• **PROVIDED MATERIAL**
++++++++

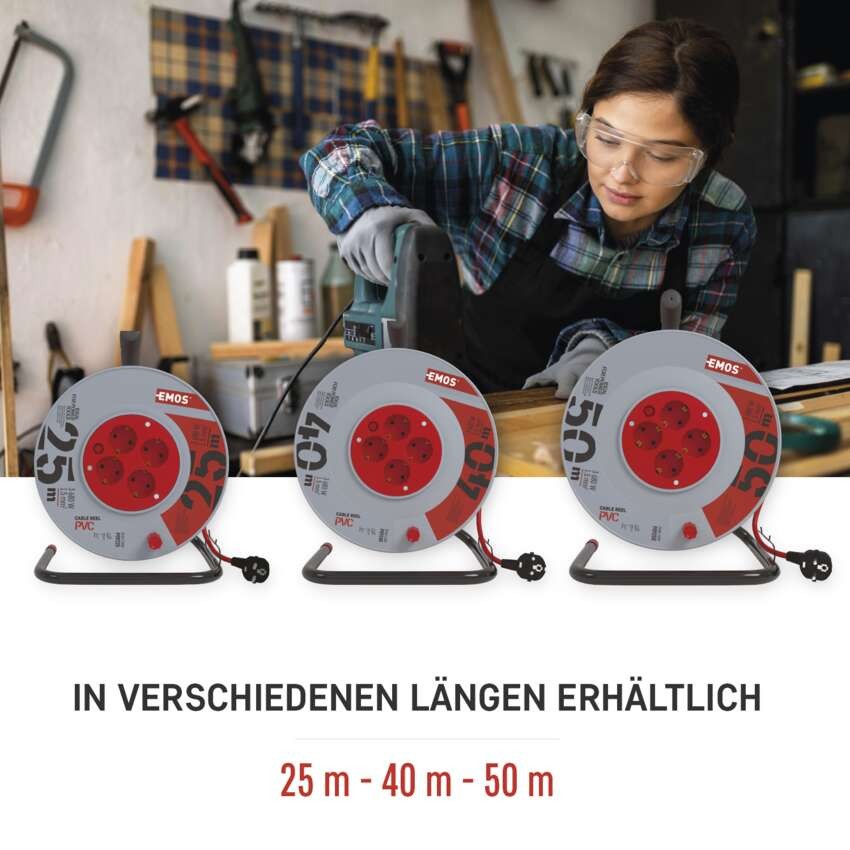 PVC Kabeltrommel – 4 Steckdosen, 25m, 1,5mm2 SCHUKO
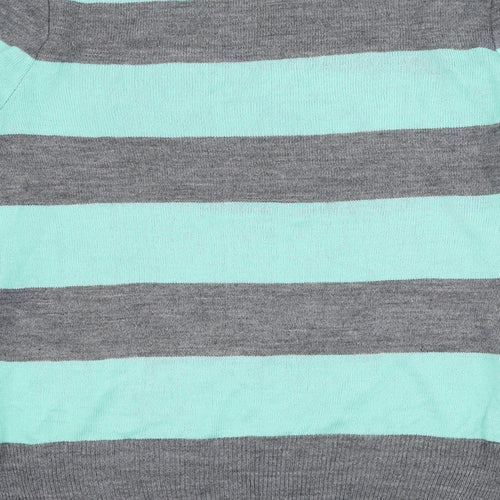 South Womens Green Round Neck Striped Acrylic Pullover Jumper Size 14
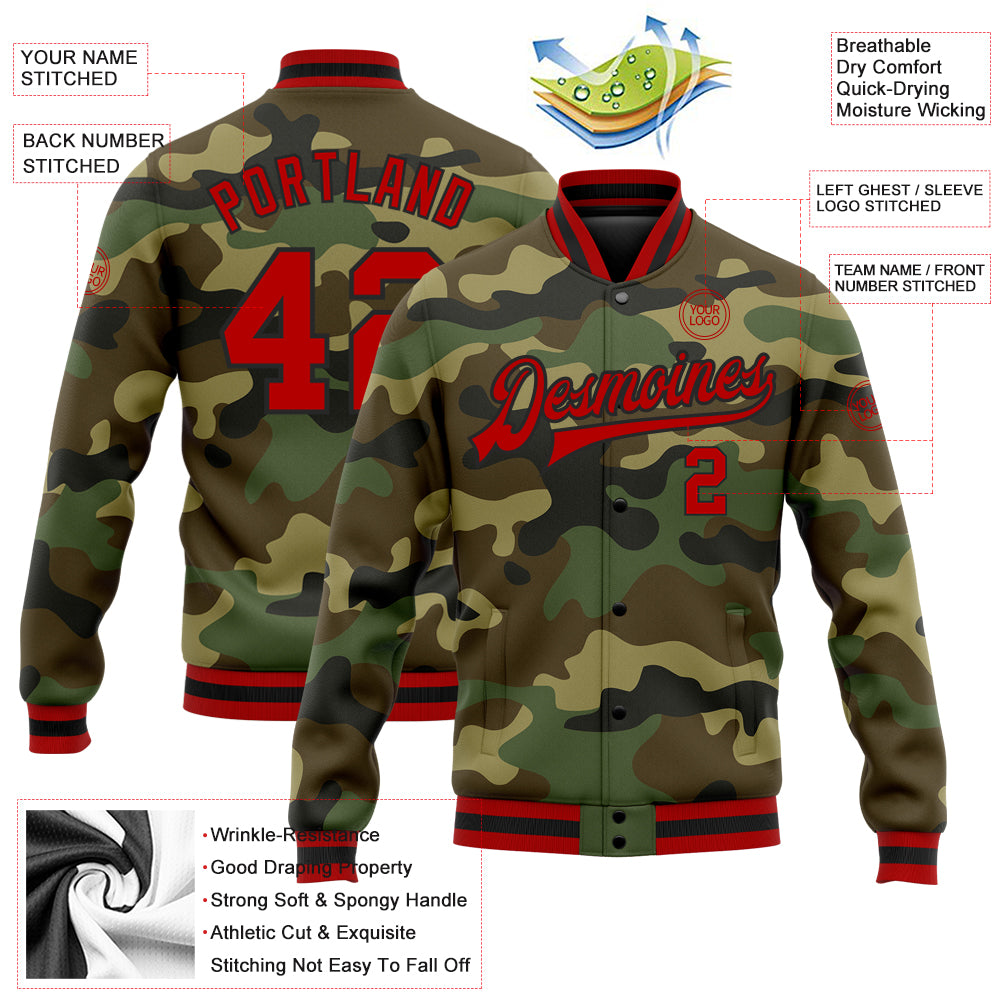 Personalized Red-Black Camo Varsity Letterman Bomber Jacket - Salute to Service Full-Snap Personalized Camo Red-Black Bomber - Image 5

++++++++

• **TASK GOAL**
For this task, give the full listing again verbatim and keep out every picture.

• **YOUR RESPONSE**
 PVC Kabeltrommel – 4 Steckdosen, 25m, 1,5mm2 SCHUKO
 South Womens Green Round Neck Striped Acrylic Pullover Jumper Size 14
 Personalized Red-Black Camo Varsity Letterman Bomber Jacket - Salute to Service Full-Snap Personalized Camo Red-Black Bomber - Image 5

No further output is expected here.